* The problem *
What you return should be every line of the material, unchanged.

* Available data *

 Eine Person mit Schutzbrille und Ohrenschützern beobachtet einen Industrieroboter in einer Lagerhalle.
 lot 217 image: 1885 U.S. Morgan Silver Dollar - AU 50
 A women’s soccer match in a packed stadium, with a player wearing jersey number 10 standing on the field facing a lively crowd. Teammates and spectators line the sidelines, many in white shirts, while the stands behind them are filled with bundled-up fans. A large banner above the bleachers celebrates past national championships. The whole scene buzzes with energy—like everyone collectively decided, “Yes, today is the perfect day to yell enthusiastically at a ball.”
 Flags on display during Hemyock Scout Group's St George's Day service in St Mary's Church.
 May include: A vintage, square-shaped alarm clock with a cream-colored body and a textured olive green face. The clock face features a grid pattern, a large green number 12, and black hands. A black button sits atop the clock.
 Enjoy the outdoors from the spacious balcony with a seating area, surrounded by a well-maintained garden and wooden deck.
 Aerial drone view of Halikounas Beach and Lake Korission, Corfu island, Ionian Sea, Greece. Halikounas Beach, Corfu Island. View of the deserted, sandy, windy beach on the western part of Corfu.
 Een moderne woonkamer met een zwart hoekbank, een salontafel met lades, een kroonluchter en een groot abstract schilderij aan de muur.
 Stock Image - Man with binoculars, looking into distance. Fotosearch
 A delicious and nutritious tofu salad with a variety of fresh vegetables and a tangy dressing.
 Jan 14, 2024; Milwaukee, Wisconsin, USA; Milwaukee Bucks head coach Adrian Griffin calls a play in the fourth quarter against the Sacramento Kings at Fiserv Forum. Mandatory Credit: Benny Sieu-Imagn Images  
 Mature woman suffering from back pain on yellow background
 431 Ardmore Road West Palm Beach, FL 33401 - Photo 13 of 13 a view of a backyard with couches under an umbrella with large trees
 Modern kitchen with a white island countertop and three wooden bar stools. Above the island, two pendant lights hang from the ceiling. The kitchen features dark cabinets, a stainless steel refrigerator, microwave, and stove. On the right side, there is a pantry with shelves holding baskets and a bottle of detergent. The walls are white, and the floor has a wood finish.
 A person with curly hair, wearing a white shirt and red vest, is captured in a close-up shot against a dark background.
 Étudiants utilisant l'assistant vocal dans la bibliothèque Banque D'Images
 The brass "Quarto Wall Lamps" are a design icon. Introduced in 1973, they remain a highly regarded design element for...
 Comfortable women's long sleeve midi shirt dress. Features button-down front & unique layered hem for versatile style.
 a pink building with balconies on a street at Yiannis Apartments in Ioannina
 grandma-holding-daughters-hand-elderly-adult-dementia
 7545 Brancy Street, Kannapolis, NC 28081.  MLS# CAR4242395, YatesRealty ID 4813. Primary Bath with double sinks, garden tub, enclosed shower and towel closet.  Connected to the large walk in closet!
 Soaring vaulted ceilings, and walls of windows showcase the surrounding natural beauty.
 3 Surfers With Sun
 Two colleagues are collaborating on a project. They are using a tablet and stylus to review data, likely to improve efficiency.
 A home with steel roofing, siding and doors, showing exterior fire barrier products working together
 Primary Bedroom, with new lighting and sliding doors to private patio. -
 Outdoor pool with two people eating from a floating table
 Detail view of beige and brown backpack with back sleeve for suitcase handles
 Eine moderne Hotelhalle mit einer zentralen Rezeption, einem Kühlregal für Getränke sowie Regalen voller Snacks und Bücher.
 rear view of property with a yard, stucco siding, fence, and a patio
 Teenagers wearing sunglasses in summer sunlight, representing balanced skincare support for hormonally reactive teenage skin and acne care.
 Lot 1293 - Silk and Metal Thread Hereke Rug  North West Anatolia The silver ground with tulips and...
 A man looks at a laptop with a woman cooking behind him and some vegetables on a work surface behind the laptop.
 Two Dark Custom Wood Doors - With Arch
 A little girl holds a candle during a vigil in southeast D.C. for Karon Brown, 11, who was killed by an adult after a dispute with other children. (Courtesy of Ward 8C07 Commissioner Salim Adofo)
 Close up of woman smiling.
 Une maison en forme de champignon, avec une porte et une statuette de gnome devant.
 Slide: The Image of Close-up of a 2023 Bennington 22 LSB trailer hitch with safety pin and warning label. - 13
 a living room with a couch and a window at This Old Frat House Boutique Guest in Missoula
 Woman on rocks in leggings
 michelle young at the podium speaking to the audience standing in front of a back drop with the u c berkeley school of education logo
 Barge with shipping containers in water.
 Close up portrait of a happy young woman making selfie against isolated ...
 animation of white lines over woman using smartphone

* Written answer *
 Eine Person mit Schutzbrille und Ohrenschützern beobachtet einen Industrieroboter in einer Lagerhalle.
 lot 217 image: 1885 U.S. Morgan Silver Dollar - AU 50
 A women’s soccer match in a packed stadium, with a player wearing jersey number 10 standing on the field facing a lively crowd. Teammates and spectators line the sidelines, many in white shirts, while the stands behind them are filled with bundled-up fans. A large banner above the bleachers celebrates past national championships. The whole scene buzzes with energy—like everyone collectively decided, “Yes, today is the perfect day to yell enthusiastically at a ball.”
 Flags on display during Hemyock Scout Group's St George's Day service in St Mary's Church.
 May include: A vintage, square-shaped alarm clock with a cream-colored body and a textured olive green face. The clock face features a grid pattern, a large green number 12, and black hands. A black button sits atop the clock.
 Enjoy the outdoors from the spacious balcony with a seating area, surrounded by a well-maintained garden and wooden deck.
 Aerial drone view of Halikounas Beach and Lake Korission, Corfu island, Ionian Sea, Greece. Halikounas Beach, Corfu Island. View of the deserted, sandy, windy beach on the western part of Corfu.
 Een moderne woonkamer met een zwart hoekbank, een salontafel met lades, een kroonluchter en een groot abstract schilderij aan de muur.
 Stock Image - Man with binoculars, looking into distance. Fotosearch
 A delicious and nutritious tofu salad with a variety of fresh vegetables and a tangy dressing.
 Jan 14, 2024; Milwaukee, Wisconsin, USA; Milwaukee Bucks head coach Adrian Griffin calls a play in the fourth quarter against the Sacramento Kings at Fiserv Forum. Mandatory Credit: Benny Sieu-Imagn Images  
 Mature woman suffering from back pain on yellow background
 431 Ardmore Road West Palm Beach, FL 33401 - Photo 13 of 13 a view of a backyard with couches under an umbrella with large trees
 Modern kitchen with a white island countertop and three wooden bar stools. Above the island, two pendant lights hang from the ceiling. The kitchen features dark cabinets, a stainless steel refrigerator, microwave, and stove. On the right side, there is a pantry with shelves holding baskets and a bottle of detergent. The walls are white, and the floor has a wood finish.
 A person with curly hair, wearing a white shirt and red vest, is captured in a close-up shot against a dark background.
 Étudiants utilisant l'assistant vocal dans la bibliothèque Banque D'Images
 The brass "Quarto Wall Lamps" are a design icon. Introduced in 1973, they remain a highly regarded design element for...
 Comfortable women's long sleeve midi shirt dress. Features button-down front & unique layered hem for versatile style.
 a pink building with balconies on a street at Yiannis Apartments in Ioannina
 grandma-holding-daughters-hand-elderly-adult-dementia
 7545 Brancy Street, Kannapolis, NC 28081.  MLS# CAR4242395, YatesRealty ID 4813. Primary Bath with double sinks, garden tub, enclosed shower and towel closet.  Connected to the large walk in closet!
 Soaring vaulted ceilings, and walls of windows showcase the surrounding natural beauty.
 3 Surfers With Sun
 Two colleagues are collaborating on a project. They are using a tablet and stylus to review data, likely to improve efficiency.
 A home with steel roofing, siding and doors, showing exterior fire barrier products working together
 Primary Bedroom, with new lighting and sliding doors to private patio. -
 Outdoor pool with two people eating from a floating table
 Detail view of beige and brown backpack with back sleeve for suitcase handles
 Eine moderne Hotelhalle mit einer zentralen Rezeption, einem Kühlregal für Getränke sowie Regalen voller Snacks und Bücher.
 rear view of property with a yard, stucco siding, fence, and a patio
 Teenagers wearing sunglasses in summer sunlight, representing balanced skincare support for hormonally reactive teenage skin and acne care.
 Lot 1293 - Silk and Metal Thread Hereke Rug  North West Anatolia The silver ground with tulips and...
 A man looks at a laptop with a woman cooking behind him and some vegetables on a work surface behind the laptop.
 Two Dark Custom Wood Doors - With Arch
 A little girl holds a candle during a vigil in southeast D.C. for Karon Brown, 11, who was killed by an adult after a dispute with other children. (Courtesy of Ward 8C07 Commissioner Salim Adofo)
 Close up of woman smiling.
 Une maison en forme de champignon, avec une porte et une statuette de gnome devant.
 Slide: The Image of Close-up of a 2023 Bennington 22 LSB trailer hitch with safety pin and warning label. - 13
 a living room with a couch and a window at This Old Frat House Boutique Guest in Missoula
 Woman on rocks in leggings
 michelle young at the podium speaking to the audience standing in front of a back drop with the u c berkeley school of education logo
 Barge with shipping containers in water.
 Close up portrait of a happy young woman making selfie against isolated ...
 animation of white lines over woman using smartphone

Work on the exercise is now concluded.